We win by doing less, because less is exactly what these owners have been waiting for.
The Engine Behind It
A book and a certification build trust. Trust brings hotels to us. Some become customers. And every customer opens the door to the next thing we build.
This is why First Hour is more than one product. The credential makes us known and trusted. That trust turns into conversations a cold sales pitch could never earn. Those conversations become NightDesk customers. And those relationships become the ground we build the next tool on, hotel accounting, and more after that. It compounds. The longer it runs, the stronger it gets.
The People Behind It
A certification is worth exactly what the people behind it are worth. This is where it earns its weight.
The training program and the textbook are authored by working hotel operators, not academics. That is what makes the credential real to another hotelier. The course teaches someone from the ground up how to manage a hotel's revenue, and it hands them a working tool to do it with, something no existing certification does. We train people who then go run revenue for hotels, some of them for the properties we serve directly.
And the book is more than a book. The Practice of Hotel Revenue Management runs thirty-seven chapters and over 77,000 words, an entire discipline written down in one place. It is the source of truth for the certification, and it is the thinking behind the software too. Every suggestion in that morning email is grounded in the same expert knowledge the book teaches, so the owner effectively has a seasoned revenue expert advising her on every decision, quietly, in plain language, before her coffee is cold.

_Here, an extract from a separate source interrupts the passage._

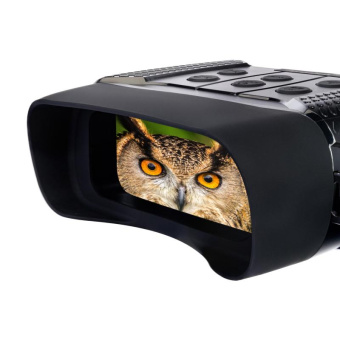 Цифровой бинокль ночного видения Levenhuk Halo 13x 77663 от магазина РЭССИ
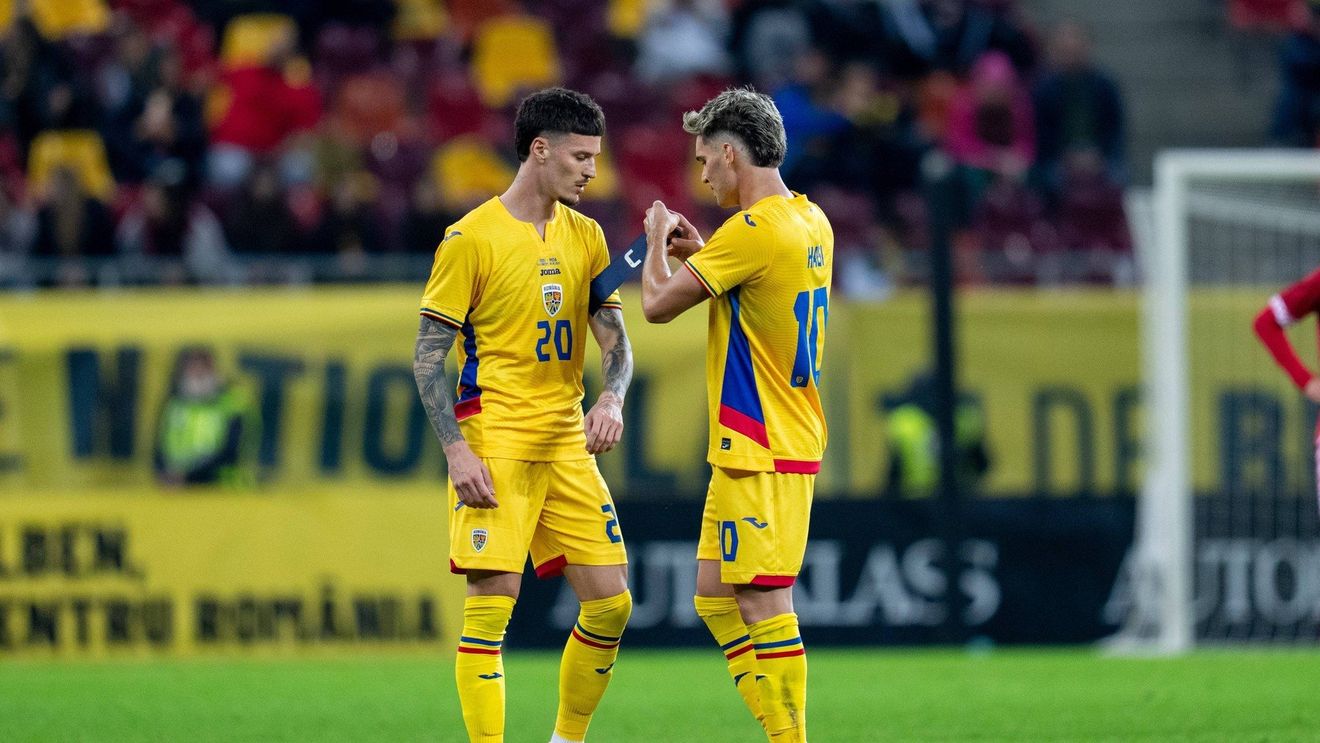 România - Austria 1-0 / Victoria care aprinde speranța - Virgil Ghiță, gol decisiv în minutul 95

Existing certifications test what an experienced manager already knows. Ours takes a newcomer and makes them capable, with the software included. That gap is the opening, and it is a wide one.
The Partnership
The proposal is simple: form First Hour Group as an independent company, owned by the people who make it credible and the people who build it.
Jody & Patricia bring
Decades of real hotel operating credibility. The authorship of the book. The names and faces that make the credential trusted. And the oversight to keep it excellent.
The technology partner brings
The products, the platform that delivers the training and certification, the full marketing engine, and the entire backend that runs a modern company: the digital marketing systems, the websites and outreach, and the administrative and operational tooling underneath it all. Plus the ability to keep building and shipping what comes next.
The company owns everything it creates, the certification and the product revenue alike, so everyone shares in what gets built. Each side brings something the other cannot, and each is fully invested in where this goes. What matters today is the shape and the spirit: an independent company, built by hotel people, for hotel people.
What It Could Become
Here is the honest picture of where this goes, in plain terms. Modest, steady, and real.
None of this depends on a miracle. The certification earns its keep from the very first year, because it costs almost nothing to deliver. The product grows steadily as more owners wake up to that morning email. And the two feed each other. We have kept every assumption deliberately modest, so the plan holds up to the hardest questions either of you can ask.
The Invitation
Build First Hour together. A company for hotel people, that does the first hour of the work so the owner can own the rest of the day.
Form the company
Stand up First Hour Group, LLC and shake hands on building it together.
Prove it small
A short paid pilot with five hotels. Watch the morning email change how they price.
Launch the book
Put the book out first, as the front door to the whole thing.
The whole plan follows one rule: prove the cheap thing first. The pilot and the book both cost little and tell us quickly whether this sings. First Hour doesn't ask you to take it on faith. It asks for a first turn of the wheel.